Key to a successful discovery campaign of such chemical probes is the availability of reliable screening methods that could enable medium- to high-throughput screening with low false-positive and false-negative rates. Various assays including mass spectrometry,32, 33, 34 fluorescence, and radiometric assays have been used for screening libraries of compounds. Mass spectrometry-based assays require more expensive instrumentation and expertise. Fluorescence assays can be performed in any lab; however, many fluorescent compounds in chemical libraries may increase the background and lead to high numbers of false positives to triage following screening large libraries. Radiometric assays are typically more reliable and have fewer false positives, leading to identifying more reliable screening hits. In this study, we have developed a radiometric assay for nsp14 and employed this assay for screening a small library of selected SAM competitive inhibitors and analogs.

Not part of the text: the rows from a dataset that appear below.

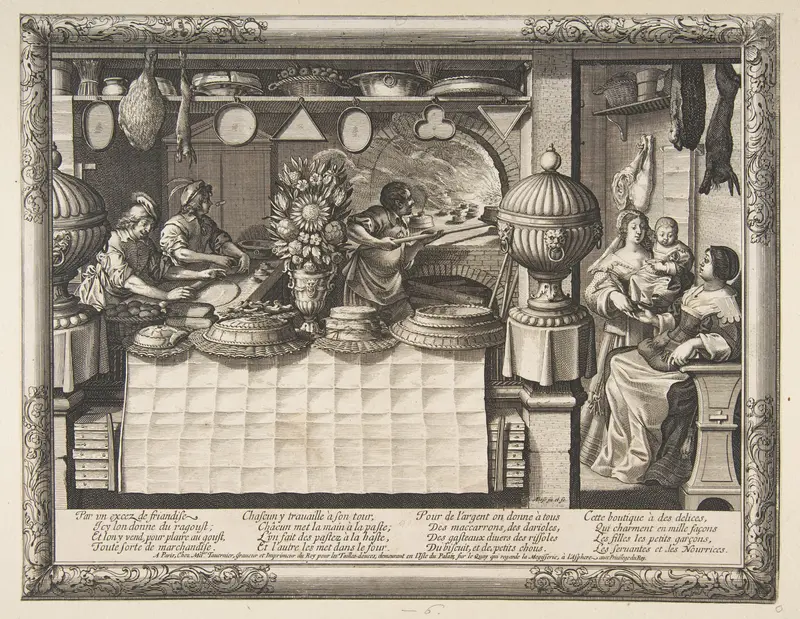Pastry Shop, from "Trades" (Les Métiers) Wall Art by Abraham Bosse - High-Resolution Digital Print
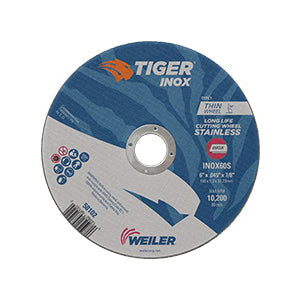 WEILER Tiger INOX 58102 Flat Long Life Performance Line Thin Cut-Off Wheel  6 in Dia x 0.045 in THK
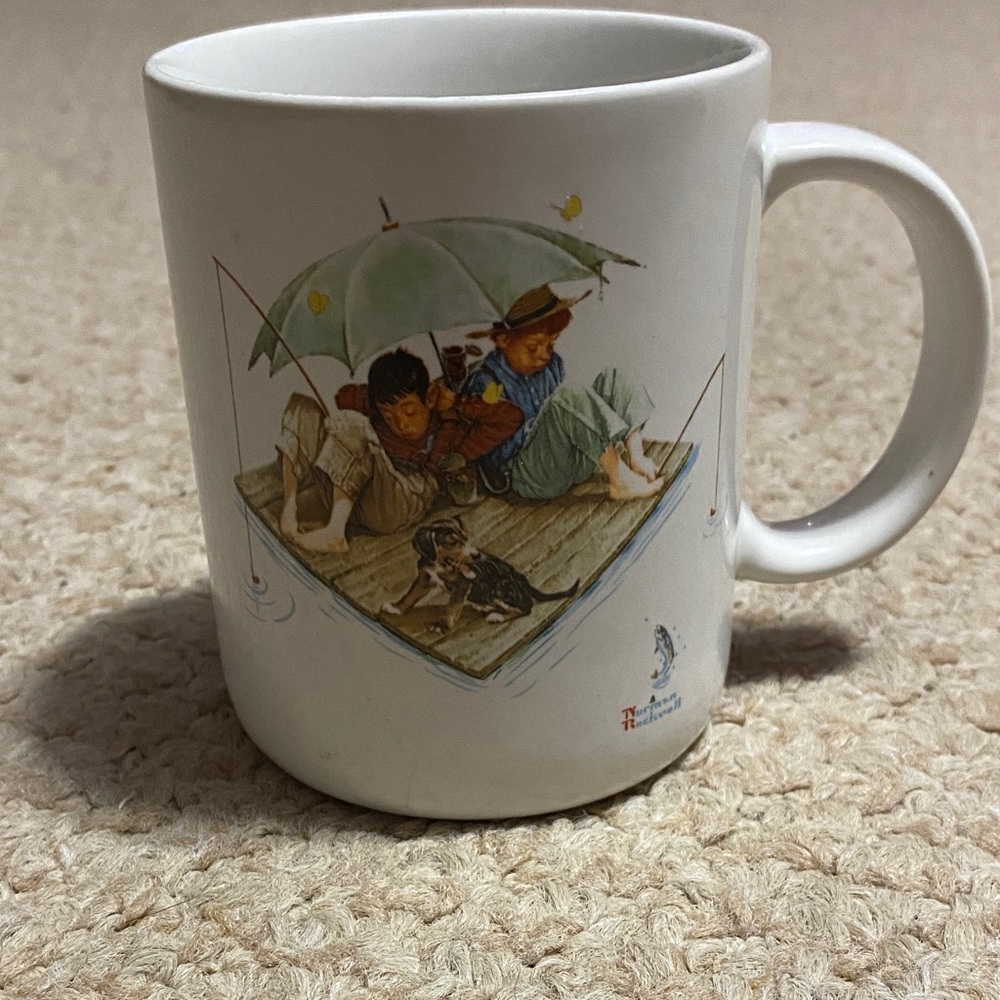 Norman Rockwell fisherman’s paradise 1987 vintage mug museum collection inc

Targeting the SAM binding site has successfully led to the discovery of chemical probes for human MTases such as DOT1L, , EZH2/EZH1, and SMYD2. Synthesis of adenine dinucleoside SAM analogs as specific inhibitors of SARS-CoV (SARS) nsp14 RNA cap guanine-N7-MTase activity has also been recently reported. SS148 (nsp14 IC50 = 70 ± 6 nM) was reported as a DOT1L inhibitor with a nitrile as a nontraditional replacement for heavy halogen atoms. This is consistent with the selectivity of SS148 against all other protein lysine methyltransferases (PKMTs) due to narrower active sites that could not fit the added nitrile group (Fig. 4). Keeping this substitution in designing future nsp14 inhibitors will provide selectivity against PKMTs. WZ16 and compound 8 are PRMT4 (CARM1) inhibitors. Although compound 8 is a relatively weak nsp14 inhibitor (IC50 = 95 ± 6 µM), it is likely cell permeable (US20180305391A1). JL27-56A1 is known to modestly inhibit nicotinamide N-methyltransferase (NNMT). , Optimization of these series for NNMT resulted in the discovery of MS2734, a bisubstrate inhibitor. DS0464 and DS0466 were originally designed for DOT1L inhibition. DS0464, with replacement of the amino acid moiety with a physicochemically more favorable phenyl-ethyl-urea, retains significant nsp14 inhibitory activity (IC50 = 1.1 ± 0.2 µM). Structural modeling and kinetic data both suggest a mechanism of inhibition consistent with bisubstrate competition. These data reveal a path to developing a series of bifunctional inhibitors to increase the potency of nsp14 SAM competitive inhibitors. Interestingly, DS0464 was selective against 28 out of 33 human RNA, DNA, and protein MTases, indicating a path to developing selective bisubstrate inhibitors toward the discovery of therapeutics for COVID-19 and closely related coronaviruses. In this study, we developed a radiometric assay for nsp14 MTase activity, determined the kinetic parameters, and optimized the assay for high-throughput screening. Through limited screening of SAM competitive inhibitors, we identified six confirmed hits that we used to probe the active site of nsp14. Our study revealed a path toward developing selective bisubstrate inhibitors for nsp14.